▶ [Exercise aim]: Every line of the material must be restated exactly, though not its pictures.

──────── Given records

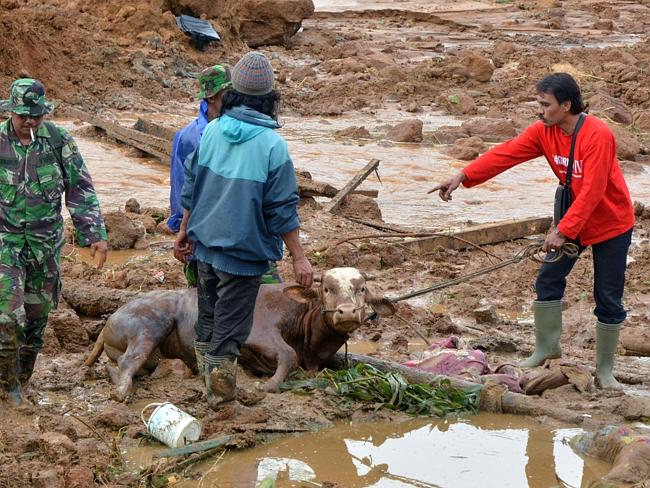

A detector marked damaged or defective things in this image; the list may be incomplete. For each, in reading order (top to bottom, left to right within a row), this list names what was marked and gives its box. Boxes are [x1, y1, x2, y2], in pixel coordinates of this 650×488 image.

broken wooden plank [324, 159, 380, 214]
broken wooden plank [408, 217, 548, 255]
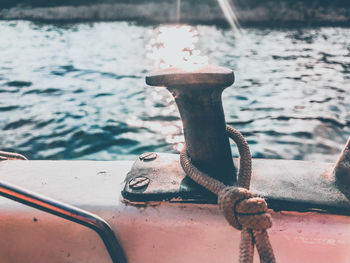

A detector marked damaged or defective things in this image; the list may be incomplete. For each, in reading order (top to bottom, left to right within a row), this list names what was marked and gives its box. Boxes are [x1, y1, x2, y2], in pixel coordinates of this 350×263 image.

rusty metal bollard [145, 65, 238, 186]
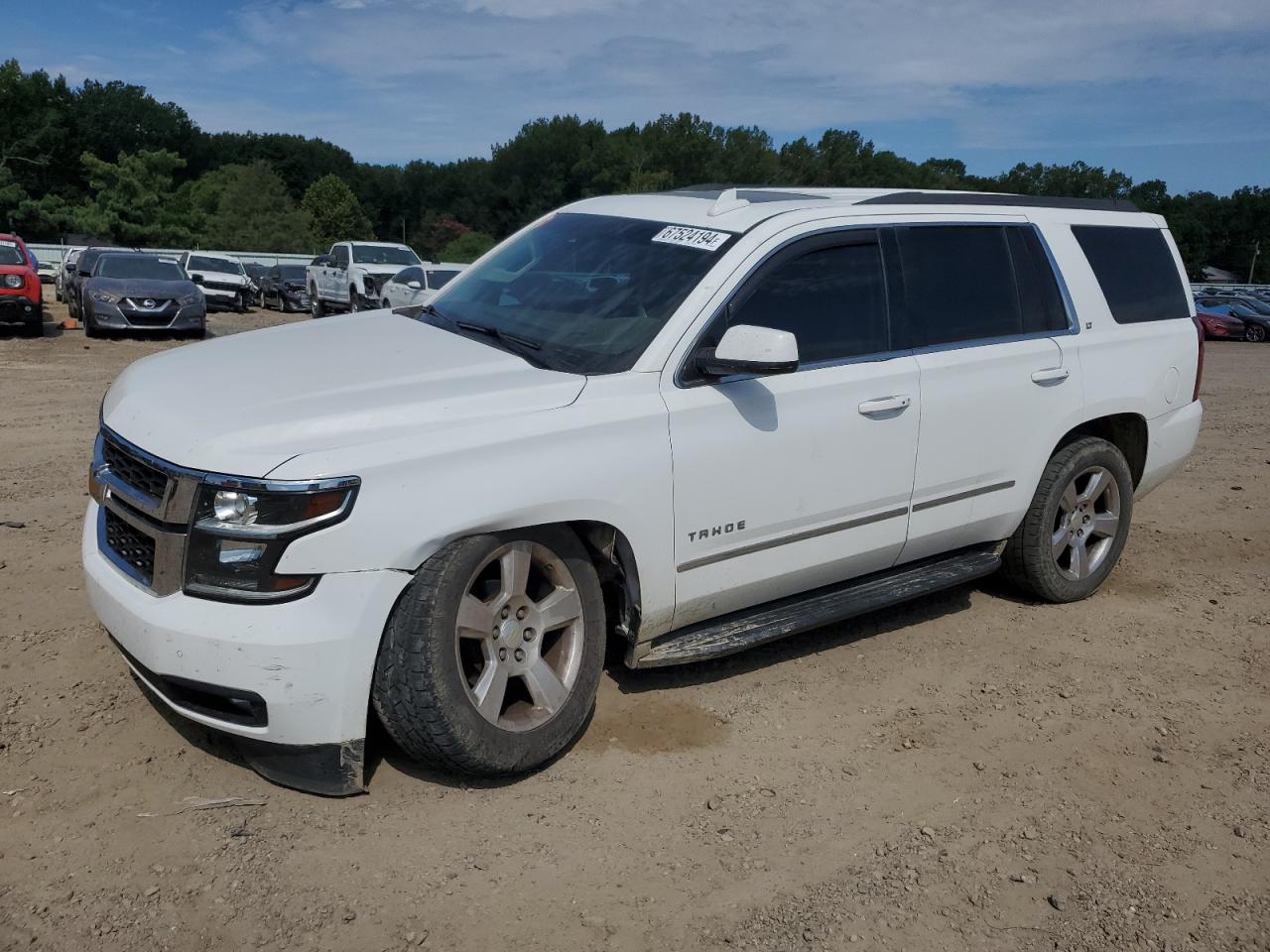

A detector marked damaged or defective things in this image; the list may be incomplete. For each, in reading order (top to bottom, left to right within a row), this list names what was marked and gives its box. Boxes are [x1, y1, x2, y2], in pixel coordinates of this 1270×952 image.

damaged vehicle [86, 186, 1199, 797]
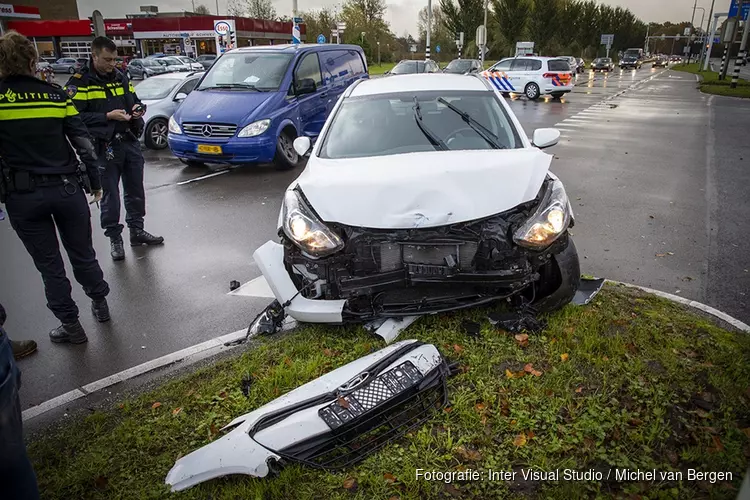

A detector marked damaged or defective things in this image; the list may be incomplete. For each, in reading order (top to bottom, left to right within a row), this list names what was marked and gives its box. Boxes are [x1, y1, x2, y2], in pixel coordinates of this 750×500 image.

crumpled hood [177, 89, 280, 125]
detached front grille [181, 124, 235, 140]
crumpled hood [298, 147, 552, 228]
damaged white car [253, 73, 580, 336]
shattered plastic piece [576, 278, 604, 304]
shattered plastic piece [372, 316, 424, 344]
shattered plastic piece [464, 320, 482, 340]
shattered plastic piece [488, 310, 548, 334]
shattered plastic piece [167, 340, 450, 492]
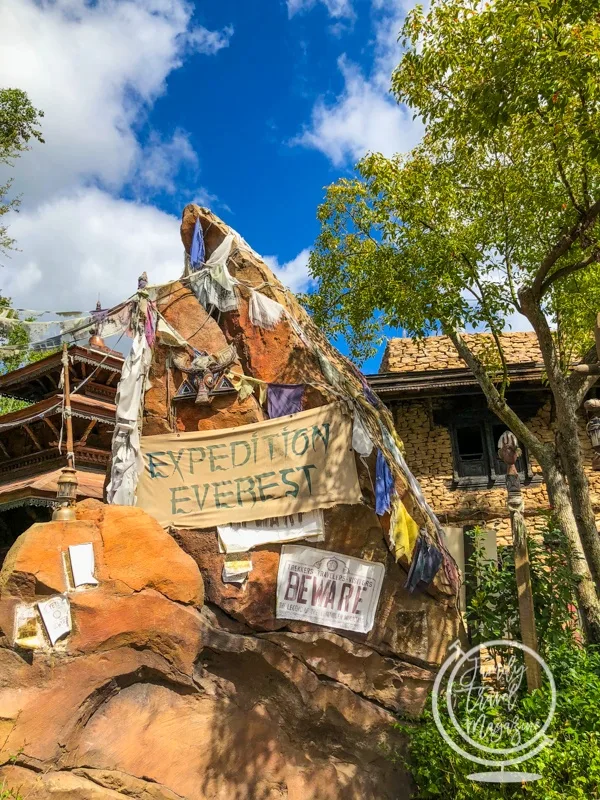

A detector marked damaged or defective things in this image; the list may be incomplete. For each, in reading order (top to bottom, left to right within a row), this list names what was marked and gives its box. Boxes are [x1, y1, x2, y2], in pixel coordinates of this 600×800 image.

tattered fabric [248, 290, 286, 330]
tattered fabric [268, 382, 304, 418]
tattered fabric [376, 446, 394, 516]
tattered fabric [406, 536, 442, 592]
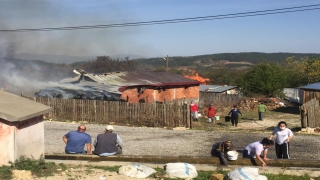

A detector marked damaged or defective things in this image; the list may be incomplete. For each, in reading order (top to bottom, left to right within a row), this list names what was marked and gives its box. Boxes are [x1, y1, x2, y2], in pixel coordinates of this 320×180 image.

damaged roof [60, 68, 200, 92]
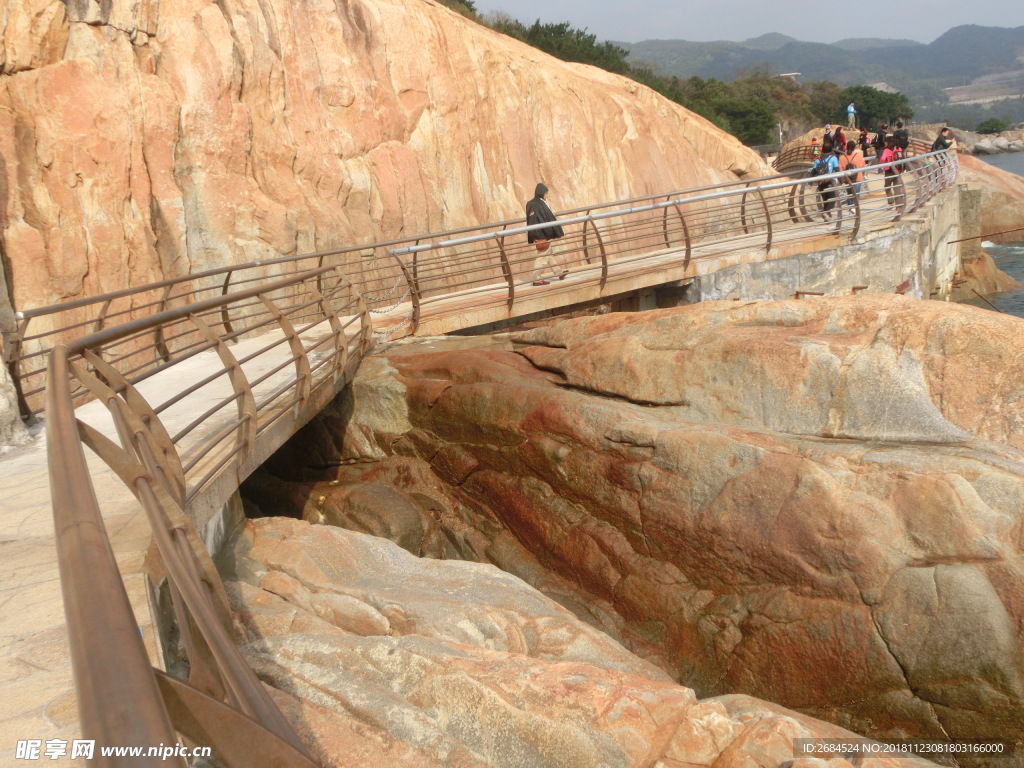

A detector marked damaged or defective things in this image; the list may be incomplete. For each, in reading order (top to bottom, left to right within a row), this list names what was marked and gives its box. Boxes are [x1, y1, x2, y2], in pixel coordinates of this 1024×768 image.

rusty metal railing [378, 147, 958, 333]
rusty metal railing [46, 266, 372, 768]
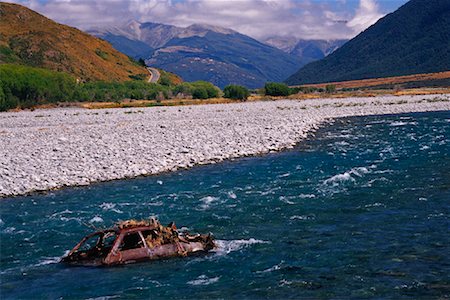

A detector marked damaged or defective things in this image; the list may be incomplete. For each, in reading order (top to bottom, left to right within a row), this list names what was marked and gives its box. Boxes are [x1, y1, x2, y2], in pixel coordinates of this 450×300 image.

rusty car wreck [61, 218, 216, 268]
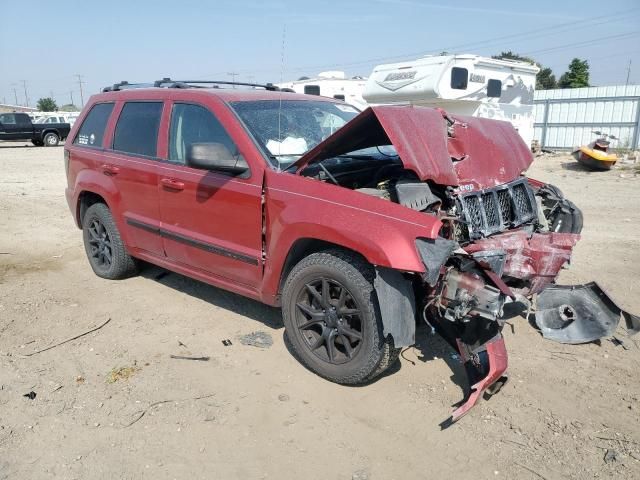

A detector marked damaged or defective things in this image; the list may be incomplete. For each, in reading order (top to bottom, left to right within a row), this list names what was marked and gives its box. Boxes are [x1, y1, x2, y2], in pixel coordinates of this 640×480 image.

crumpled hood [292, 106, 532, 190]
broken grille [458, 178, 536, 240]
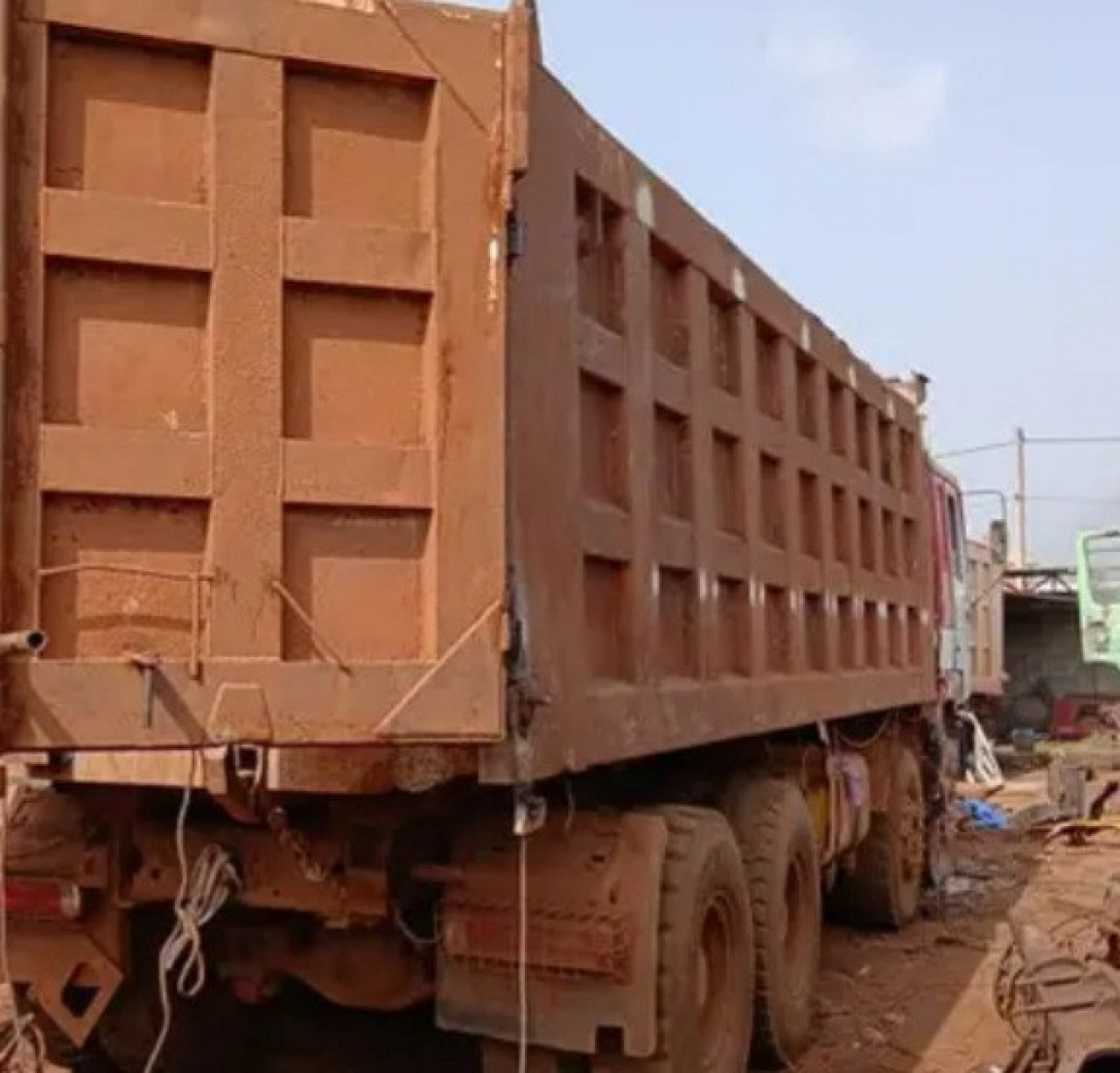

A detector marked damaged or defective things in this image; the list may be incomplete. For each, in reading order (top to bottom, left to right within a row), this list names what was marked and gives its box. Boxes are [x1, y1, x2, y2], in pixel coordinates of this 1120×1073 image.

rusty metal surface [0, 0, 514, 752]
rusty dump bed [2, 0, 936, 779]
rusty metal surface [434, 815, 662, 1057]
rusty metal surface [494, 67, 941, 783]
rusty metal surface [962, 542, 1008, 703]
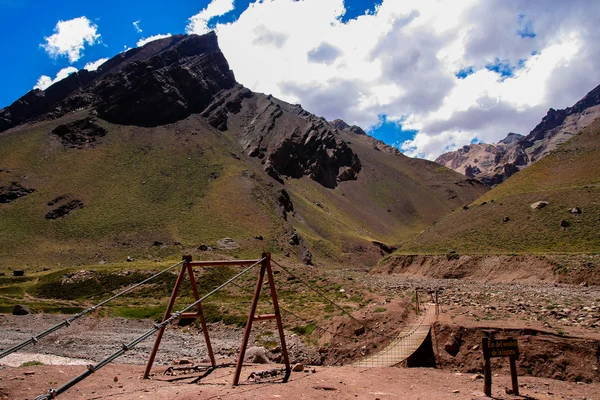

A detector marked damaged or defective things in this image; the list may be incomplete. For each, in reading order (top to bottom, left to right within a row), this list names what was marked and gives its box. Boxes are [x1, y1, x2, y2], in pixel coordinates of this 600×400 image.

rusty metal frame [142, 252, 290, 386]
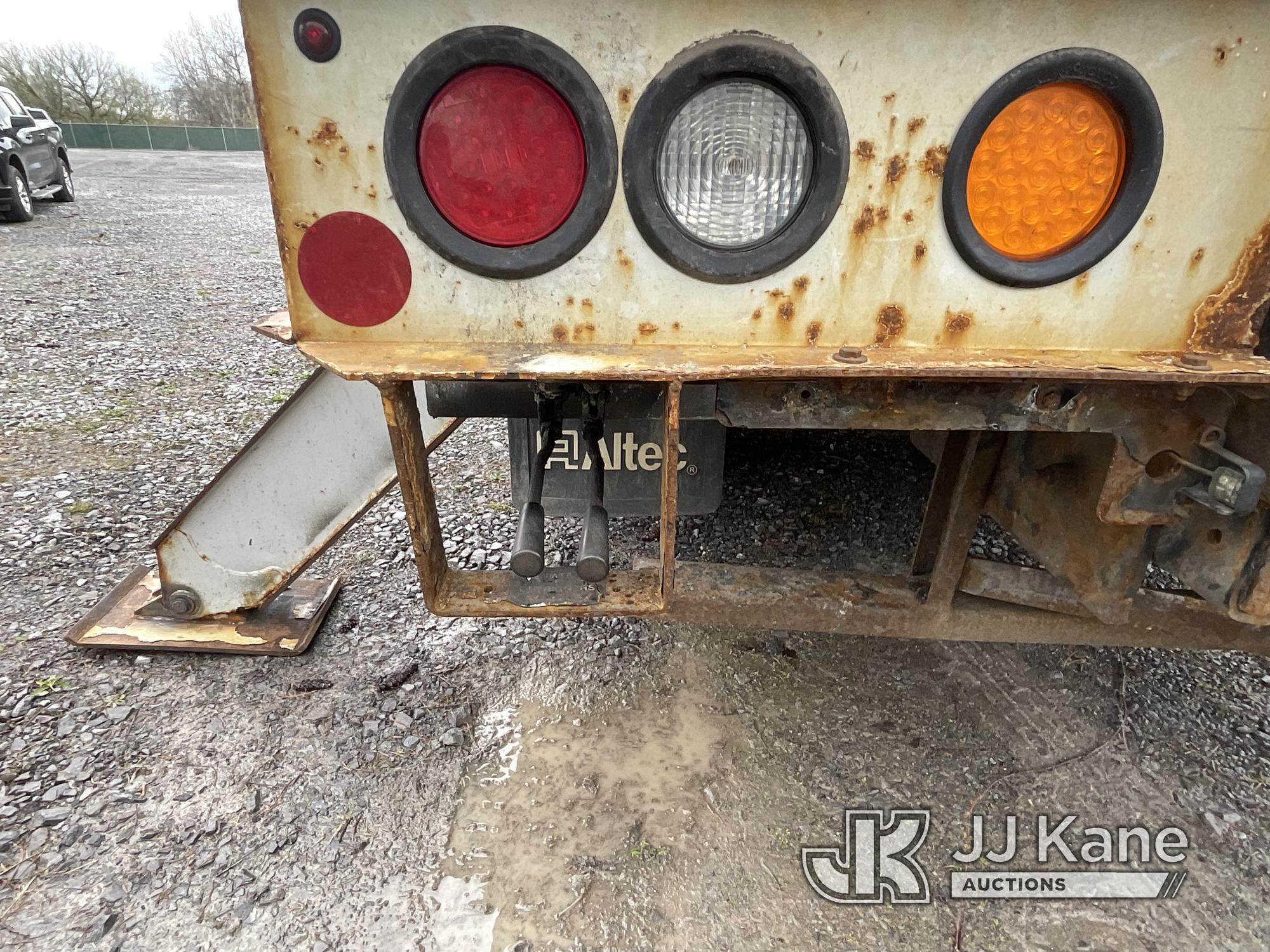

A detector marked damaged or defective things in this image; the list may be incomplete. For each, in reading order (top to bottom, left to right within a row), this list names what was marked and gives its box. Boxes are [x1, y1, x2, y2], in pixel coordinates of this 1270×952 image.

rust stain on panel [1189, 218, 1270, 353]
rusted metal edge [250, 311, 295, 345]
rust stain on panel [879, 306, 909, 348]
rusted metal edge [292, 343, 1270, 388]
rusted metal edge [67, 574, 340, 655]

────────────────

▶ [Response to the task]:
A detector marked damaged or defective things in this image; the list may be incomplete. For each, in reading order (top to bottom, left to right within a row), this list names what was marked and gives its box. Boxes are [x1, y1, x2, y2], in pixel coordinates of this 650×488 image.

broken wooden plank [324, 159, 380, 214]
broken wooden plank [408, 217, 548, 255]

A detector marked damaged or defective things in this image; the list may be incomplete. For each, in reading order (top to bottom, left to right within a row), this list names what was marked and gives its box. Boxes are [x1, y1, x2, y2], in pixel coordinates of this 350×263 image.

rusty metal bollard [145, 65, 238, 186]

A detector marked damaged or defective things in this image; the list may be incomplete. For each, in reading order (top to bottom, left to right within a row), this list names what was marked and gives its box. Boxes are [x1, y1, x2, y2], in pixel coordinates of this 1270×952 image.

damaged vehicle [86, 186, 1199, 797]

A detector marked damaged or defective things in this image; the list may be incomplete. For each, in reading order (top to bottom, left to right within a row), this list names what was marked and gives its box. Boxes are [x1, y1, x2, y2], in pixel coordinates of this 750×500 image.

crumpled hood [177, 89, 280, 125]
detached front grille [181, 124, 235, 140]
crumpled hood [298, 147, 552, 228]
damaged white car [253, 73, 580, 336]
shattered plastic piece [576, 278, 604, 304]
shattered plastic piece [372, 316, 424, 344]
shattered plastic piece [464, 320, 482, 340]
shattered plastic piece [488, 310, 548, 334]
shattered plastic piece [167, 340, 450, 492]

A detector marked damaged or defective things in this image; the list may be incomplete. For each, in reading order (top to bottom, left to right within a row), this list names what was marked and gives its box. Boxes are [x1, y1, x2, y2], in pixel coordinates of this 600×800 image.

tattered fabric [248, 290, 286, 330]
tattered fabric [268, 382, 304, 418]
tattered fabric [376, 446, 394, 516]
tattered fabric [406, 536, 442, 592]

A detector marked damaged or defective things in this image; the list may be incomplete. For each, in reading order (top to bottom, left to right within a row), this list names what was marked and gives its box. Boxes are [x1, y1, x2, y2], in pixel coordinates of this 320×180 image.

damaged roof [60, 68, 200, 92]

A detector marked damaged or defective things in this image; the list may be incomplete. For each, in reading order (top to bottom, left to right within a row), this list names what was marked and gives its box. Boxes are [x1, y1, x2, y2], in pixel coordinates of this 1024×768 image.

rusty metal railing [378, 147, 958, 333]
rusty metal railing [46, 266, 372, 768]

A detector marked damaged or defective things in this image; the list may be incomplete. For each, in reading order (top to bottom, left to right within a row), this list names what was marked and gives its box. Boxes are [x1, y1, x2, y2], in pixel coordinates of this 450×300 image.

rusty car wreck [61, 218, 216, 268]

A detector marked damaged or defective things in this image; the list may be incomplete. For each, in reading order (top to bottom, left to right within a row), this list names what was marked and gives its box. Boxes are [x1, y1, x2, y2], in pixel coordinates of this 640×480 image.

crumpled hood [292, 106, 532, 190]
broken grille [458, 178, 536, 240]

A detector marked damaged or defective things in this image; the list may be incomplete. For each, in reading order (top to bottom, left to right within a row), this list names what was marked and gives its box. Boxes are [x1, y1, x2, y2], in pixel coordinates of this 1120×1073 image.

rusty metal surface [0, 0, 514, 752]
rusty dump bed [2, 0, 936, 779]
rusty metal surface [434, 815, 662, 1057]
rusty metal surface [494, 67, 941, 783]
rusty metal surface [962, 542, 1008, 703]

A detector marked damaged or defective things in this image; the list may be incomplete. For each, in reading order (top to bottom, left to right within a row), this list names what was marked and gives its box. Boxes are [x1, y1, x2, y2], in pixel coordinates of this 600×400 image.

rusty metal frame [142, 252, 290, 386]

A detector marked damaged or defective things in this image; the list may be incomplete. For each, in reading order (top to bottom, left to right within a row), this list names what was marked and gives its box. Boxes are [x1, y1, x2, y2], in pixel coordinates of this 1270×952 image.

rust stain on panel [1189, 218, 1270, 353]
rusted metal edge [250, 311, 295, 345]
rust stain on panel [879, 306, 909, 348]
rusted metal edge [292, 343, 1270, 388]
rusted metal edge [67, 574, 340, 655]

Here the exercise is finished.